Par Jean-Eric Schoettl

Jean-Eric Schoettl
© Fabien Clairefond

LA RECONNAISSANCE PAR EMMANUEL MACRON D’UN ÉTAT PALESTINIEN, LE 22 SEPTEMBRE À NEW YORK, MARQUE LE BASCULEMENT DANS UNE DIPLOMATIE VIRTUELLE OÙ SEULE COMPTE LA MAGIE DU VERBE, POINTE L’ANCIEN SECRÉTAIRE GÉNÉRAL DU CONSEIL CONSTITUTIONNEL.

Lorsqu’un président fantôme reconnaît un État fantôme, la politique extérieure de la France prend des allures spec­trales. Elle entre dans l’ère de la diplomatie virtuelle.

Un président sans gouvernement, ni majorité, peut-il adouber – de son propre chef et sans débat national interne – un État sans fron­tières, ni véritables institutions, ni enracinement historique ? Un président au crédit usé, dont le pays est à la fois affaibli et situé à des milliers de kilomètres du théâtre des opérations, peut-il faire advenir, par la magie du verbe, un État palestinien moderne, dont le projet serait de se développer et non de détruire son voisin ? Un vœu pieux, proféré à l’Assemblée générale des Nations unies, peut-il conférer une existence à ce qui ne saurait être que l’aboutissement d’un long effort de patience et de raison, plus contrarié aujourd’hui que jamais par le déferlement des passions ?
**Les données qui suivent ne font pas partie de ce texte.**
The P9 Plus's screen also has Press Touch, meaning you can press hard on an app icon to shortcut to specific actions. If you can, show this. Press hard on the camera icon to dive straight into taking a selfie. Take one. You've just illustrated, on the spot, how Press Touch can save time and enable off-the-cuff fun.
La raison serait de poser comme préalable à toute reconnaissance que chaque acteur local donne à ses voisins le droit d’exister dans des frontières sûres. Ce qui impose, dans l’immédiat, la libération des otages israéliens, le désarmement des terroristes du Hamas et la fin corrélative des opérations de Tsahal à Gaza. Et, dans un second temps, un accord sincère entre puissances voisines.
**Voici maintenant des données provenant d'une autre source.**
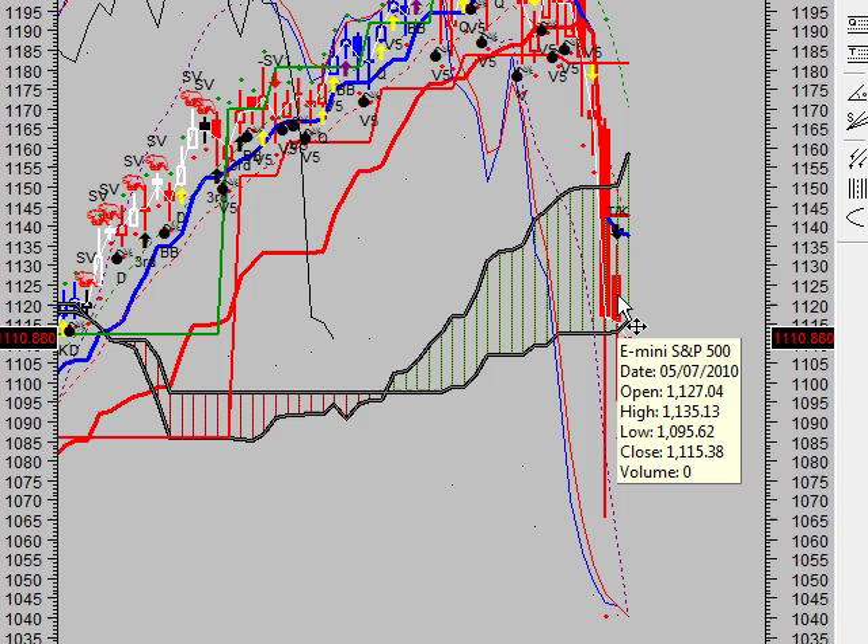3 black candles occurred in the last 3 trading sessions. Although these candles were not big enough to create 3 black crows, the steady downward pattern is bearish.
Cela fait des décennies qu’une conspiration de bonnes volontés essaie de donner corps à la solution à deux États. Mais toutes les tentatives menées en ce sens dans le passé (accords de Camp David, accords d’Oslo, Quartet, accords d’Abraham…), quoique bénéficiant de contextes plus favorables qu’aujourd’hui et du concours de grandes nations, ont échoué, car elles se sont brisées sur l’écueil du fanatisme. Pense-t-on qu’après le pogrom du 7 octobre 2023 et au beau milieu de représailles israéliennes qualifiées de « génocidaires » par la majeure partie de l’opinion internationale une initiative française aussi naïve qu’artificielle (fût-elle soutenue par quelques autres pays) accomplira le miracle ?

Comment atteindre le but désirable – deux États coexistant en bonne intelligence – en mettant la charrue avant les bœufs, c’est-à-dire en installant un État palestinien sans désinstaller le projet – enraciné dans le psychisme collectif d’un monde musulman travaillé par l’islamisme – de rayer Israël de la carte ? Comment ignorer que ce projet de liquidation d’une présence juive sacrilège, la cause palestinienne a reçu mission de l’accomplir ? Que cette mission sacrée est même inscrite dans les chartes de ses organisations (le Hamas, mais aussi, malgré quelques amendements cosmétiques obtenus par les Américains, l’OLP et ses composantes) ? Que la France se déshonorerait et se ridiculiserait d’avoir reconnu sans précaution un État palestinien qui, comme Gaza en octobre 2023, servirait de tremplin à un futur pogrom ?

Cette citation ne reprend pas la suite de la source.